The Taskmaster Swear Cloud Appreciation Society

Posted on Nov 24, 2024

Your Task
Making it Rain… with Data
The Overall Swear Forecast
The Series Swear Forecast
Getting My Head out of the Clouds, and Going to the Bar.
What Have we Learnt Today?

This post contains strong lanuage…reader discretion advised! And this time, I really mean it…

Your Task

Create a swear word cloud which is fit for the Cloud Appreciation Society.

Making it Rain… with Data

We continue to use the profanity based queries we have developed in the following posts (Foulest Mouth of Them All, The Taskmaster’s Potty Mouth).

Some data additional data munging was performed to ensure that all profanities uttered were fully accounted for; namely we have to explode a Python array/list containing profanities through transform and unnest functions.¹

The Overall Swear Forecast

We start with the overall forecast for Series 1 to 16 of UK Taskmaster. As you might assume from the task brief, we will be using the visualisation medium of word clouds to show our appreciation to the swear words uttered.

Word clouds are a simple way to visualise word based datasets. We can capture which words are popular and how frequently they are used (more frequent words are larger in font size), and the variety of words in our dataset.

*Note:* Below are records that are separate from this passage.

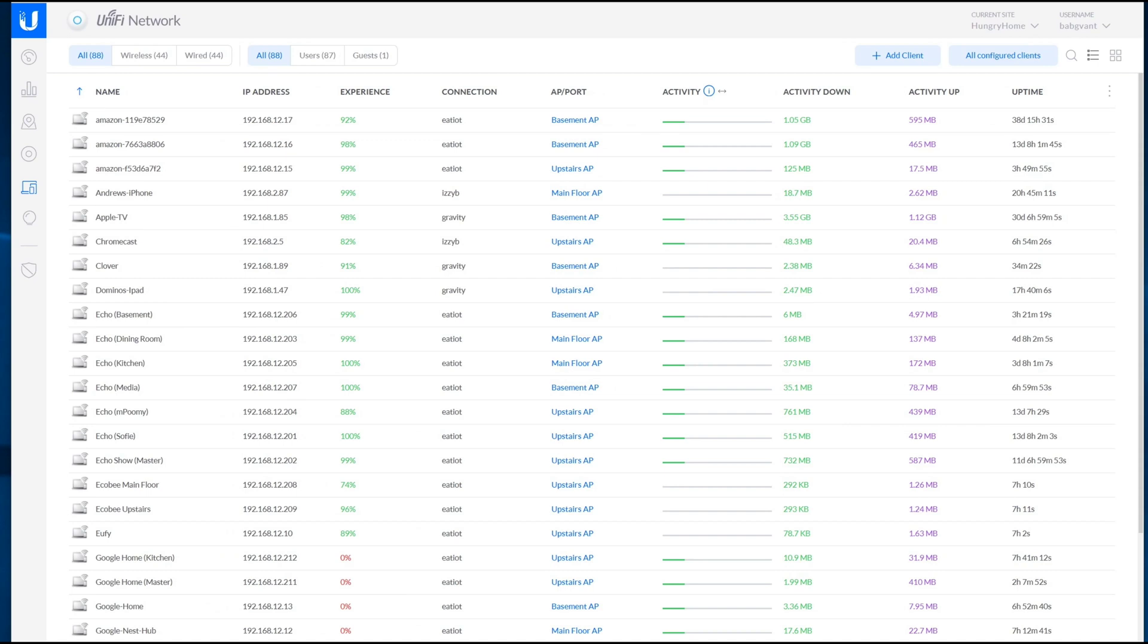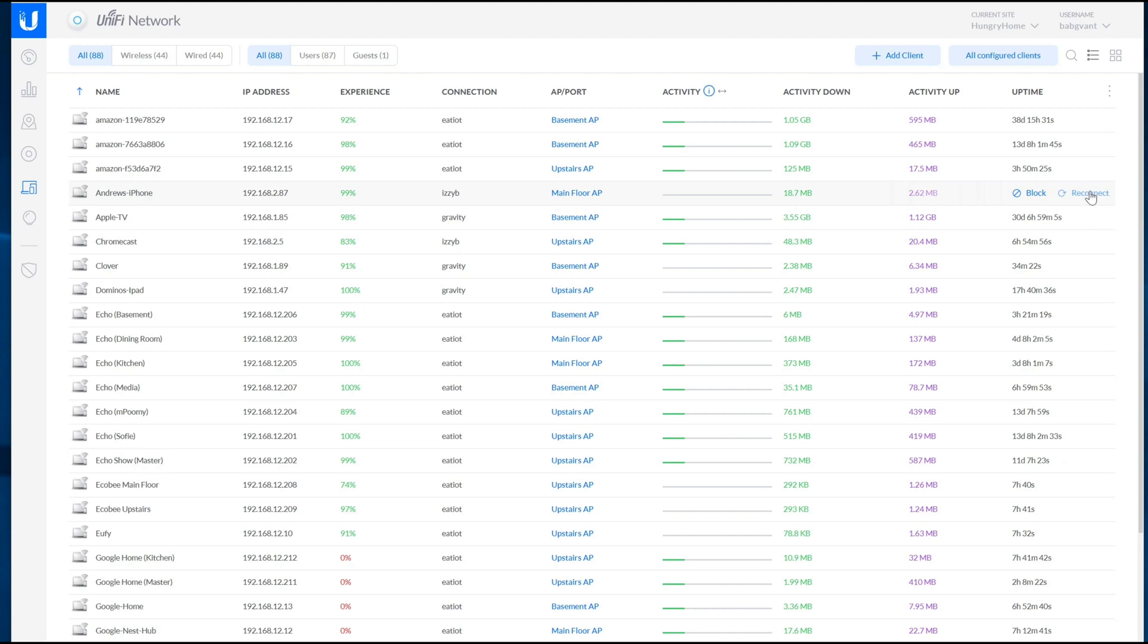Hello, this is Andrew with Mr. Remote and this is a quick guide on how to unblock a client that you accidentally blocked. I know it sounds kind of silly, but I've actually done this a few times when I intended to hit reconnect and I just hit block because I wasn't really paying attention.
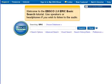Welcome to the EBSCO 2.0 ERIC Basic Search Tutorial. Use speakers or headphones if you wish to listen to the audio.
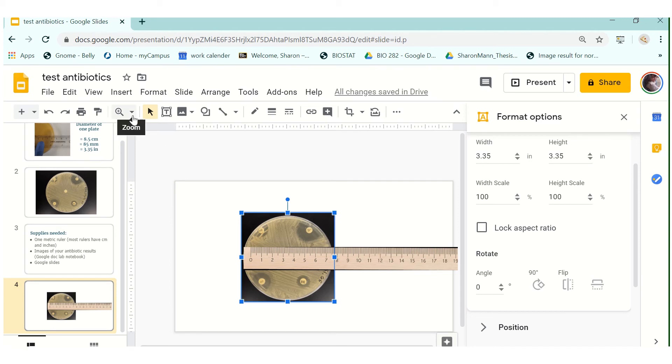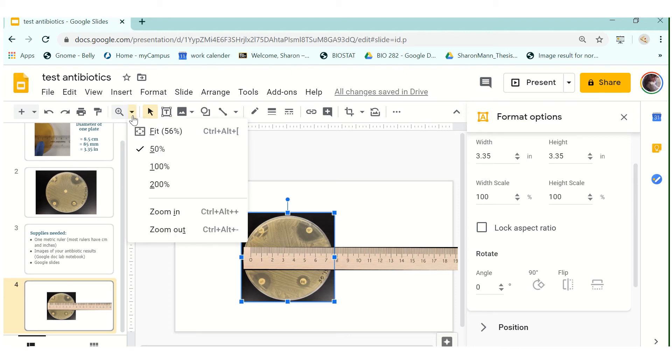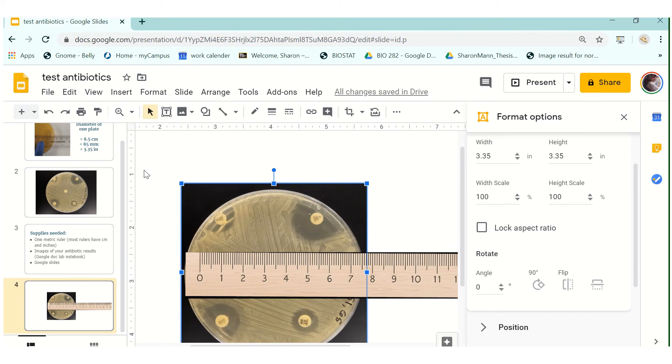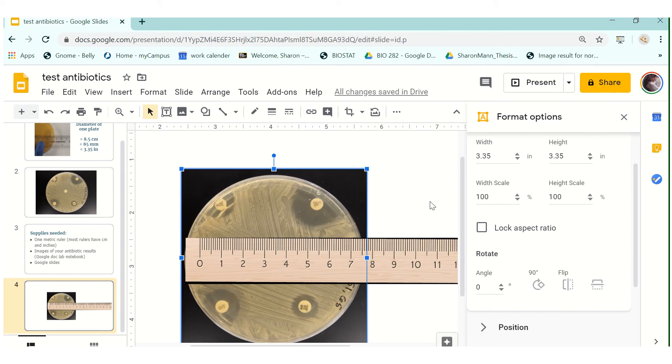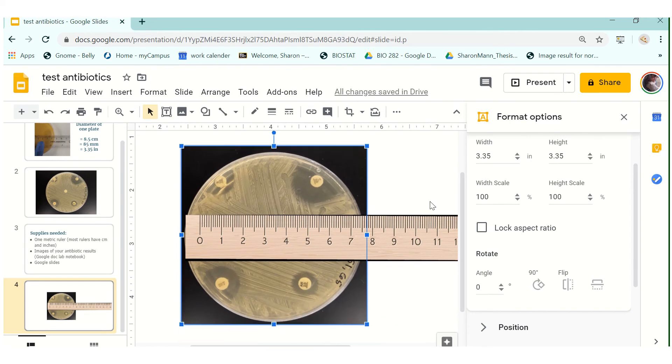Okay so the next important step here that you need to not forget otherwise this won't work is to blow up your screen to 100 percent. So the reason why we do this is because if you blow it up to 100 percent this should be the true size of the image when you have the dimension set.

Figure 1: Overall Taskmaster Swear Cloud

Figure 1 indicates that:

Fuck and Shit (which I will now refer to as Tier1 Swears) are the most uttered swear words in the show as they are largest in font size.
- These two words are comparable in size, but Fuck seems slightly bigger of the two and thus more frequently uttered.
Hell, Ass/Arse, Christ, Piss (Tier2 Swears) are potential the next most frequently uttered profanities and are all of similar size.
- Based on how much smaller these Tier2 Swears are compared to Tier1 Swears, I would assume that Tier2 Swear Words utterance frequency is considerably lower than Tier1 Swears (by many magnitudes perhaps as well).
Damn, Dick, Prick, Bastard and Bollock make up a Tier3 Swears which are the next level of font size and frequency.
- Based on how similar the font size of the Tier2 and Tier3 Swear Words are, I would assume that the utterance frequencies are similar in magnitude.
The remaining swear words (Tier+4 Swears) close out our swear word cloud and the variety in profanity. These are uttered in lower frequency and start referring to specific genders and bodily parts (Bitch, Whore, Wank, Pussy, Cunt).

Our findings are in line with external stuies concerning the most common swear words in the UK (Guardian Article):

Fuck and Shit are the two most commonly used swear words in the UK.
It is hypothesised that they are frequently used “to emphasis a point in conversation or to build social bonds, rather than with specific intent to cause offence”.
This supports our Tier4 Swears insights; these swears are used in specific contexts and thus not likely to be used frequently.
- In my opinion, these swears also have a stronger intention to offend behind them (more than Fuck and Shit at least), and are more directed to an individual or group of people which may also contribute to their low utterance frequency.
- Despite initial appearances, Taskmaster is less about “offending and insulting people” and more “being entertained and laughing at comedians failures (and successes) in inconsequential tasks”.

The Series Swear Forecast

We have the overall Swear Forecast and insights, but we should also check whether these insights are consistently seen across each series, or if particular series(es) is driving fuck and shit usage.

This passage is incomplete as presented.